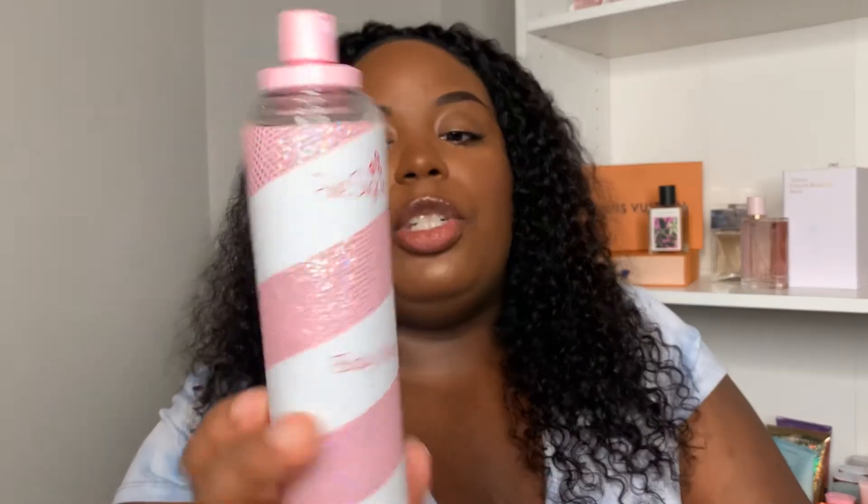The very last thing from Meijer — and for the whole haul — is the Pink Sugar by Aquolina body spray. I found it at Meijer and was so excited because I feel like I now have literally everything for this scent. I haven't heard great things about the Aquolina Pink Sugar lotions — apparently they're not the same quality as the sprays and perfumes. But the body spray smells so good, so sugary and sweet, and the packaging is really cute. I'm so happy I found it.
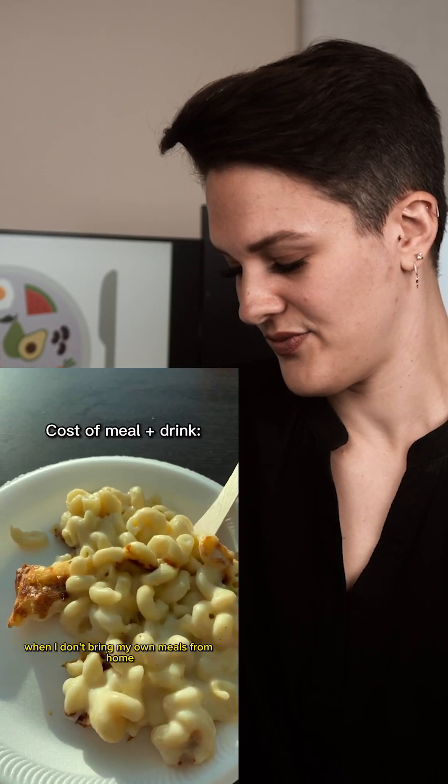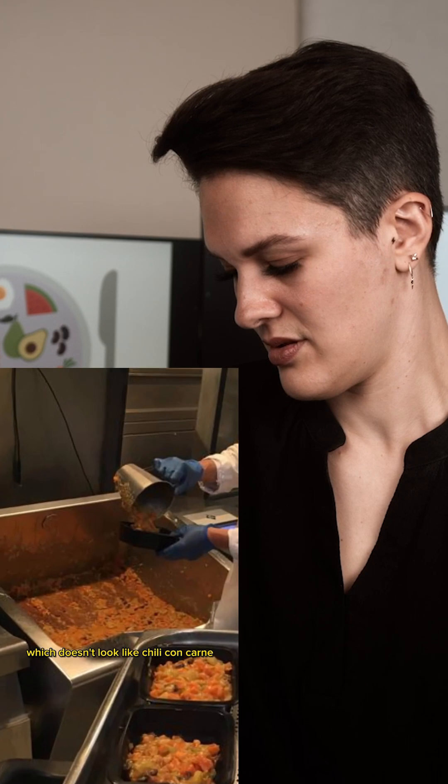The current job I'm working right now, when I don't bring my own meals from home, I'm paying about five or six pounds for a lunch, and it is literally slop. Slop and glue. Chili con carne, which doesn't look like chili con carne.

======

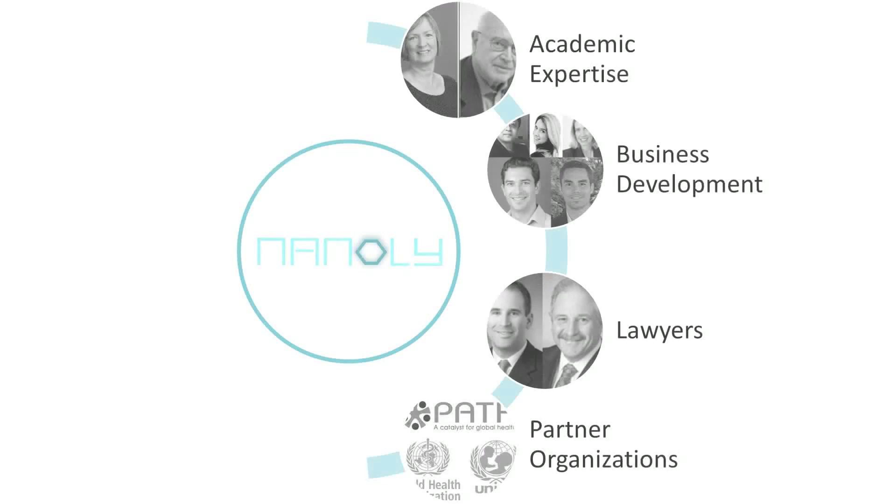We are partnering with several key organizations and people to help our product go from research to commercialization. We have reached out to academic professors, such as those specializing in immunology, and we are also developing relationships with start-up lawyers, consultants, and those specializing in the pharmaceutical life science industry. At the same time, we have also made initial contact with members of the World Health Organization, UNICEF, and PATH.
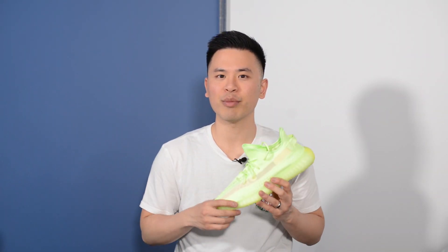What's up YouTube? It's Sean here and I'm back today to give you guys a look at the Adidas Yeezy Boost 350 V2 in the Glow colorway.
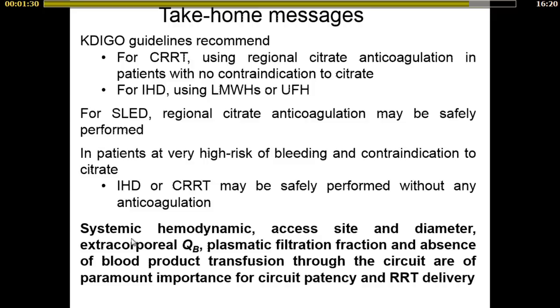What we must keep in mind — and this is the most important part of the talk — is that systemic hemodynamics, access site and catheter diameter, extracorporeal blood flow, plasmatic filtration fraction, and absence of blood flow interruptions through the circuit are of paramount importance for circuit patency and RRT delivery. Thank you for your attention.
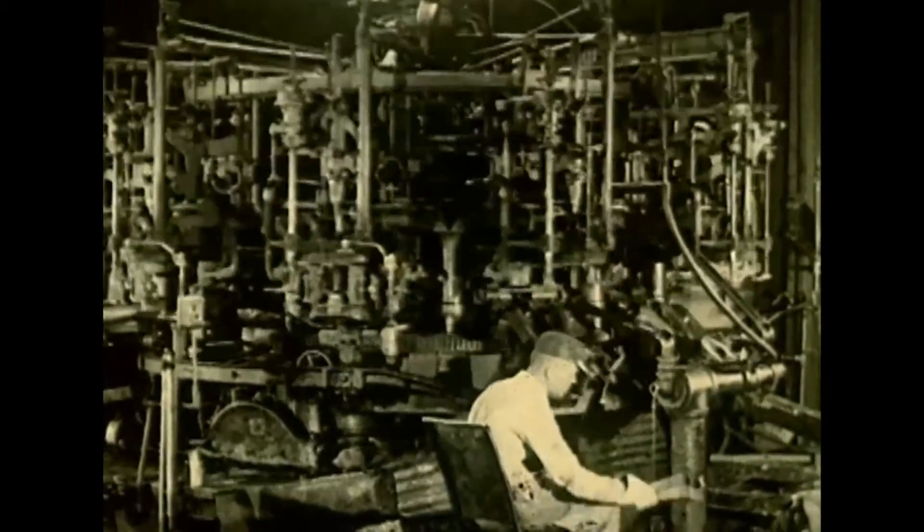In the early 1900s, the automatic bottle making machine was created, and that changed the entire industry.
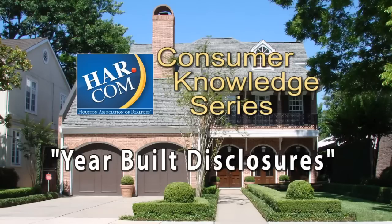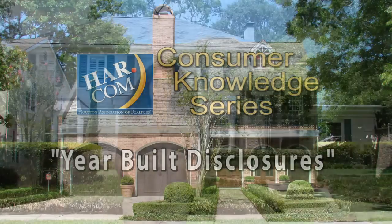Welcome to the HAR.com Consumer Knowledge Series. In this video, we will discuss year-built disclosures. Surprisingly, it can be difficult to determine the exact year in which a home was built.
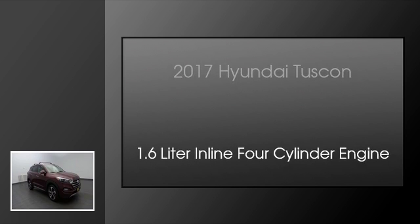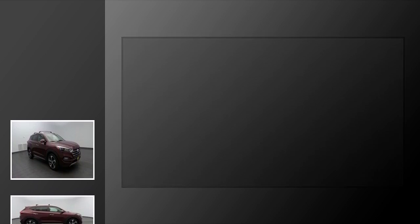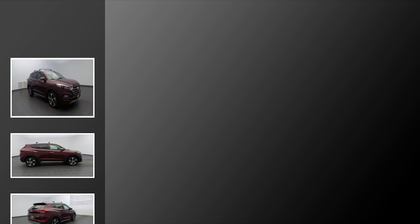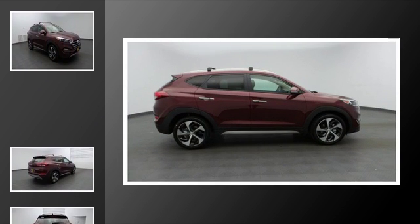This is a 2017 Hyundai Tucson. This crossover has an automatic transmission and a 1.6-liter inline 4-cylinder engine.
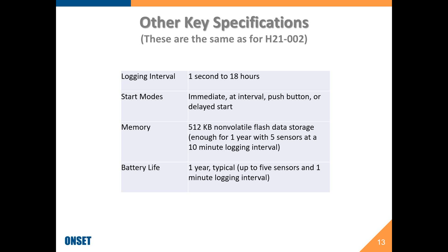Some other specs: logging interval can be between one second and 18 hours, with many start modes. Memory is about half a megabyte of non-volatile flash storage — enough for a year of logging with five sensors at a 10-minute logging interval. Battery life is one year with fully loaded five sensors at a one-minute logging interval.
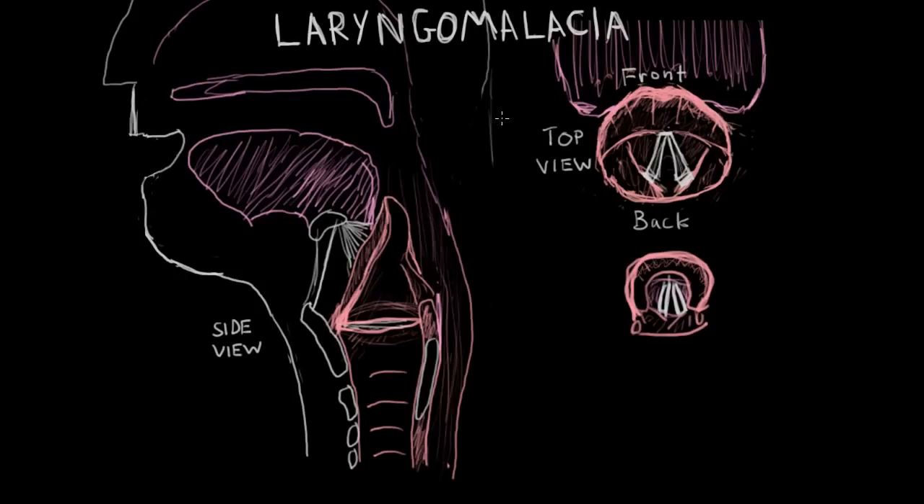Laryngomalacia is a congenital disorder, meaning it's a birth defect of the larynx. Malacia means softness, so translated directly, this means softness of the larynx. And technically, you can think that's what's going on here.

======

### What the task asks
Would you copy, word for word, only the lines above from the one containing "The very last" through the one containing "The current job", both included, and please leave out the pictures?

### Reply to the exercise
The very last thing from Meijer — and for the whole haul — is the Pink Sugar by Aquolina body spray. I found it at Meijer and was so excited because I feel like I now have literally everything for this scent. I haven't heard great things about the Aquolina Pink Sugar lotions — apparently they're not the same quality as the sprays and perfumes. But the body spray smells so good, so sugary and sweet, and the packaging is really cute. I'm so happy I found it.
The current job I'm working right now, when I don't bring my own meals from home, I'm paying about five or six pounds for a lunch, and it is literally slop. Slop and glue. Chili con carne, which doesn't look like chili con carne.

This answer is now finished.